Data listing:
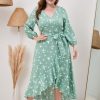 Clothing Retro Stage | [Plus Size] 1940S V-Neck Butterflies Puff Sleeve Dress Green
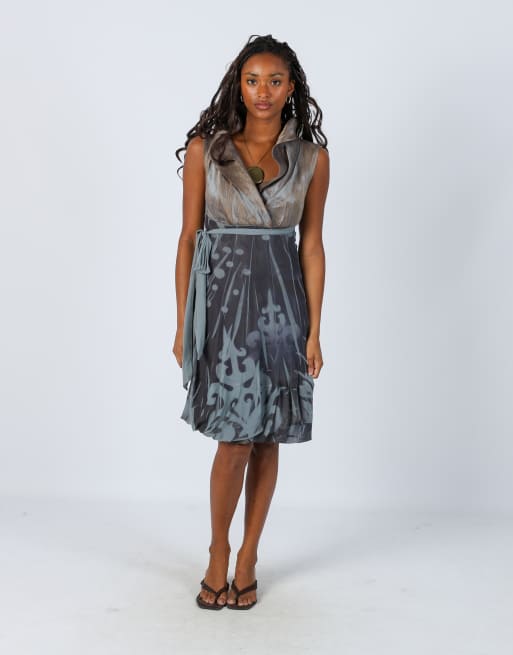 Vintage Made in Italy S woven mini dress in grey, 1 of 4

* * *

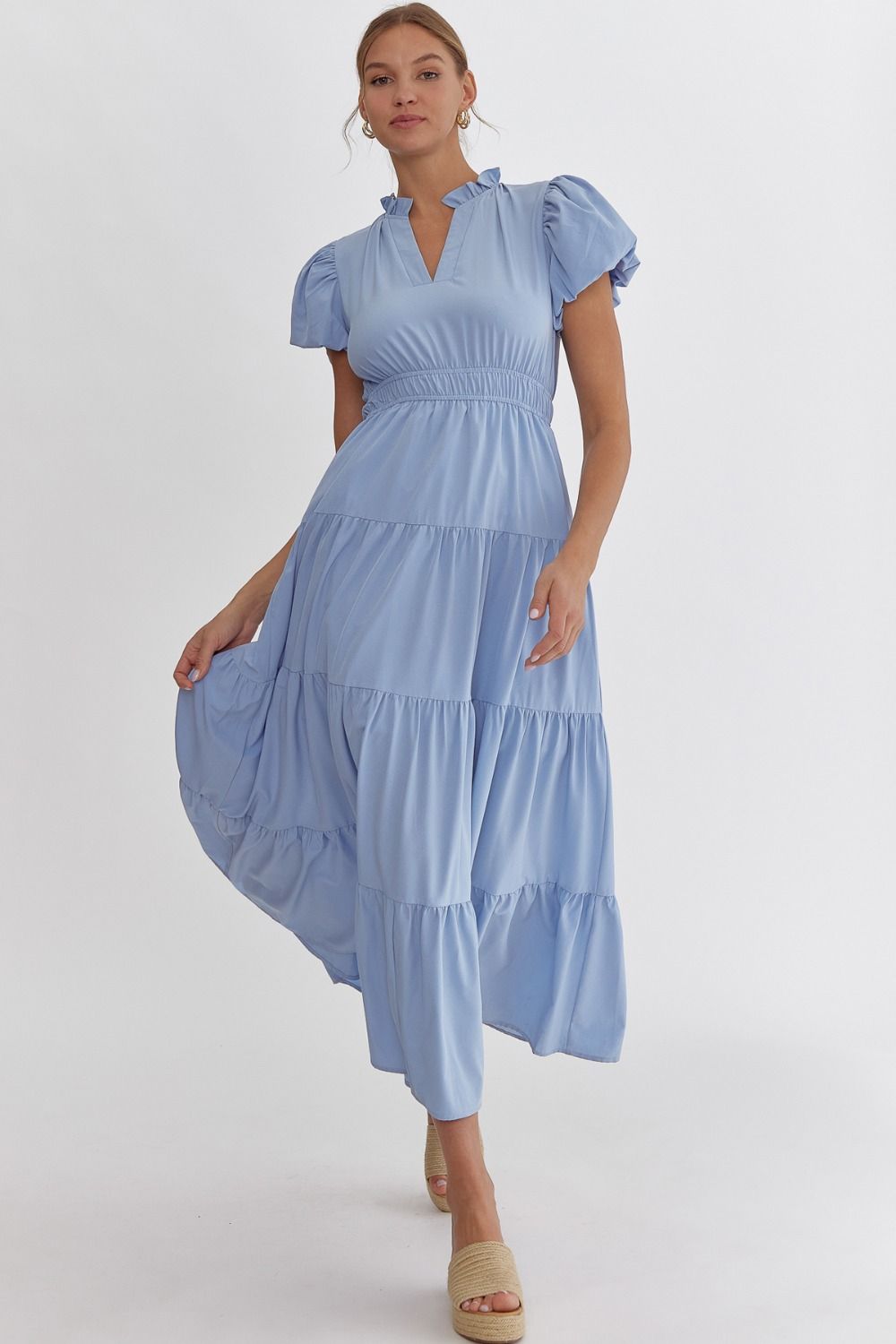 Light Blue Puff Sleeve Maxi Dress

---

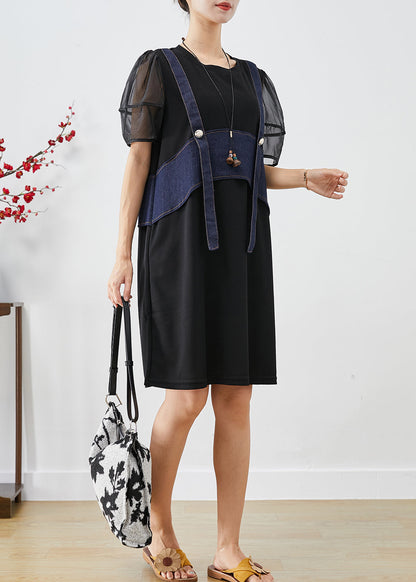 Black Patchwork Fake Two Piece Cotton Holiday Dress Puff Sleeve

To do: Starting at the line containing "Clothing Retro Stage" and finishing at the line containing "Vintage Made in", return those lines exactly as they appear above, without the pictures.

Exercise solution:
 Clothing Retro Stage | [Plus Size] 1940S V-Neck Butterflies Puff Sleeve Dress Green
 Vintage Made in Italy S woven mini dress in grey, 1 of 4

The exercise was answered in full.